I'm trying to build caffe for Python 3.6 using the provided cmake.
My system specs:
- Python 3.6.5, Anaconda custom (64-bit)
- Mac OS 10.13.6
- No CUDA
I've installing boost with brew, e.g.
brew install boost boost-python3
I can see the boost libraries using
find / -name libboost* 2>/dev/null.
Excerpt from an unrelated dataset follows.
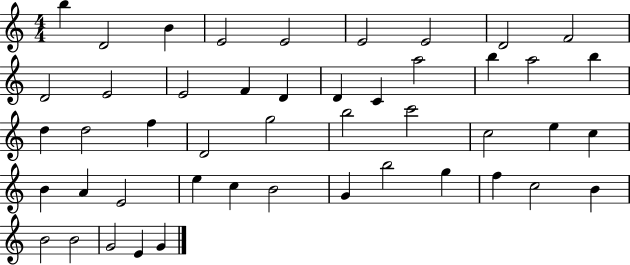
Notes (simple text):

B5/q D4/h B4/q E4/h E4/h E4/h E4/h D4/h F4/h D4/h E4/h E4/h F4/q D4/q D4/q C4/q A5/h B5/q A5/h B5/q D5/q D5/h F5/q D4/h G5/h B5/h C6/h C5/h E5/q C5/q B4/q A4/q E4/h E5/q C5/q B4/h G4/q B5/h G5/q F5/q C5/h B4/q B4/h B4/h G4/h E4/q G4/q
They occur in three directories
/usr/local/lib/-> symlink to above
- boost-python3 is in
If I run
cmake -DCMAKE_PREFIX_PATH=<anaconda_env_path> -D python_version=3, I get this at the top of the output
-- Boost version: 1.67.0 -- Found the following Boost libraries: -- system -- thread -- filesystem -- chrono -- date_time -- atomic
But further down, I also get
CMake Warning at /Users/Mauceri/anaconda/share/cmake-3.11/Modules/FindBoost.cmake:1723 (message): No header defined for python-py365; skipping header check Call Stack (most recent call first): cmake/Dependencies.cmake:157 (find_package) CMakeLists.txt:49 (include) -- Could NOT find Boost CMake Warning at /Users/Mauceri/anaconda/share/cmake-3.11/Modules/FindBoost.cmake:1723 (message): No header defined for python-py36; skipping header check Call Stack (most recent call first): cmake/Dependencies.cmake:164 (find_package) CMakeLists.txt:49 (include) -- Could NOT find Boost CMake Warning at /Users/Mauceri/anaconda/share/cmake-3.11/Modules/FindBoost.cmake:1723 (message): No header defined for python-py3; skipping header check Call Stack (most recent call first): cmake/Dependencies.cmake:164 (find_package) CMakeLists.txt:49 (include) -- Could NOT find Boost -- Could NOT find Boost -- Python interface is disabled or not all required dependencies found. Building without it...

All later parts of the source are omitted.